▶ ACTION ITEM: Could you retype exactly the line containing "Violin Music Notes Fleece Blanket (Front)" and every line after it in the data below, leaving out the pictures?

▶ DATA SECTION:
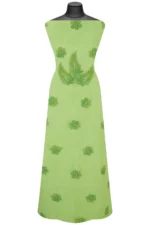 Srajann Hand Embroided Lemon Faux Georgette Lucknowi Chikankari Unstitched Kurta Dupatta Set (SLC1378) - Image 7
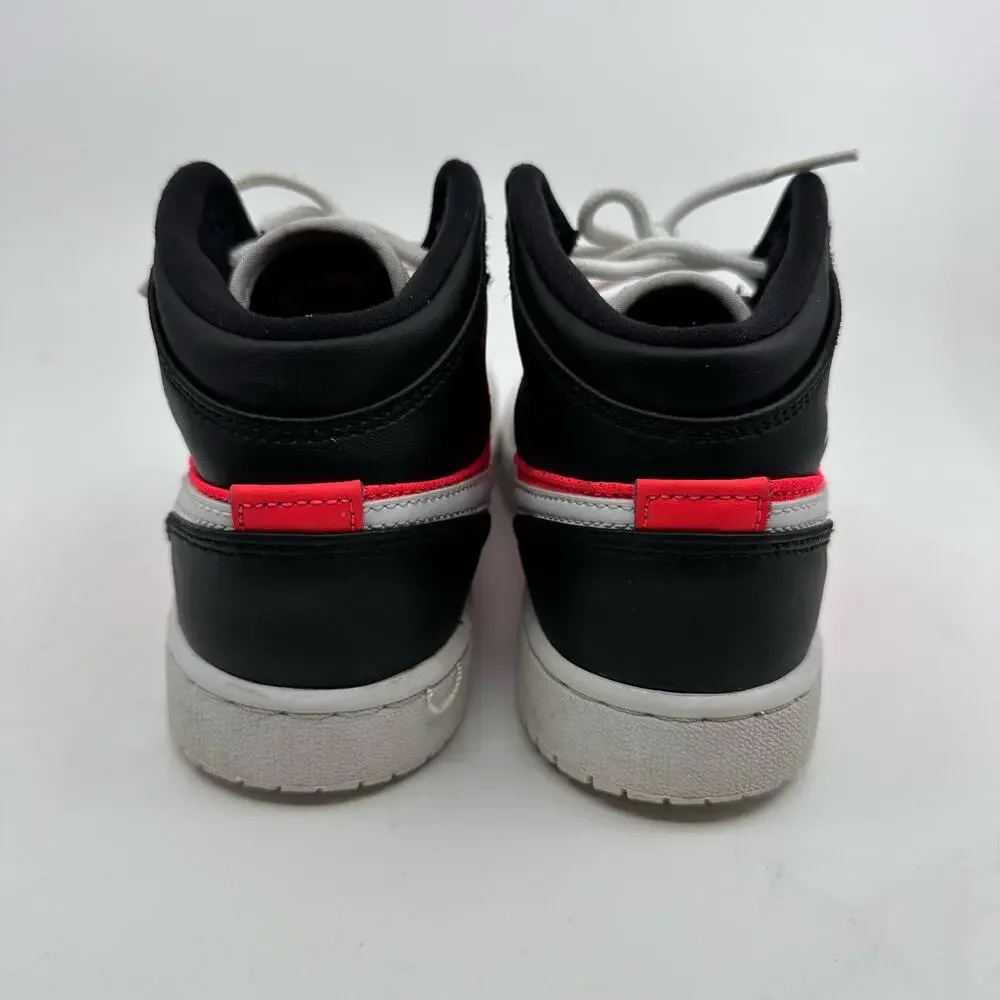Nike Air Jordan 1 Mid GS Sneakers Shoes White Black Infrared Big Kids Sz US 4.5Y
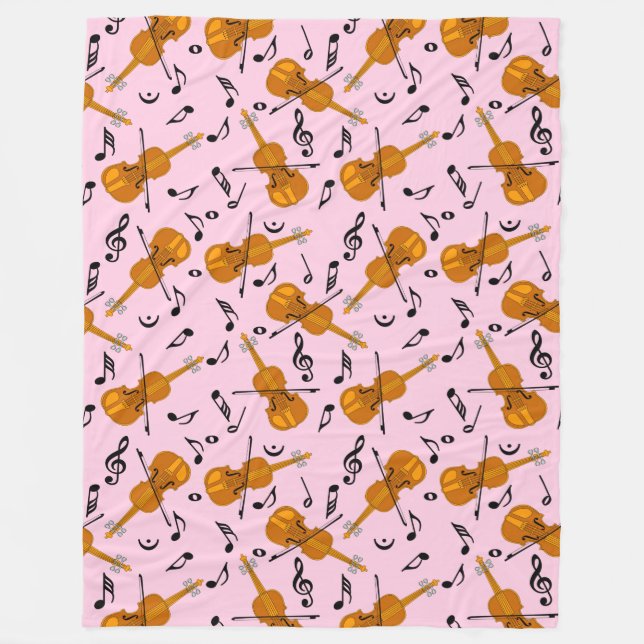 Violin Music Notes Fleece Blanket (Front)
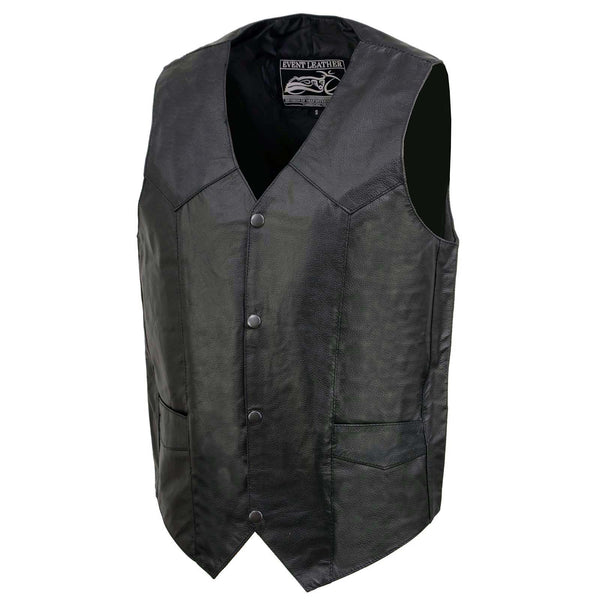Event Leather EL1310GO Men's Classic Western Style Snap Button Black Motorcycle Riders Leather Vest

▶ EXERCISE ANSWER:
 Violin Music Notes Fleece Blanket (Front)
Event Leather EL1310GO Men's Classic Western Style Snap Button Black Motorcycle Riders Leather Vest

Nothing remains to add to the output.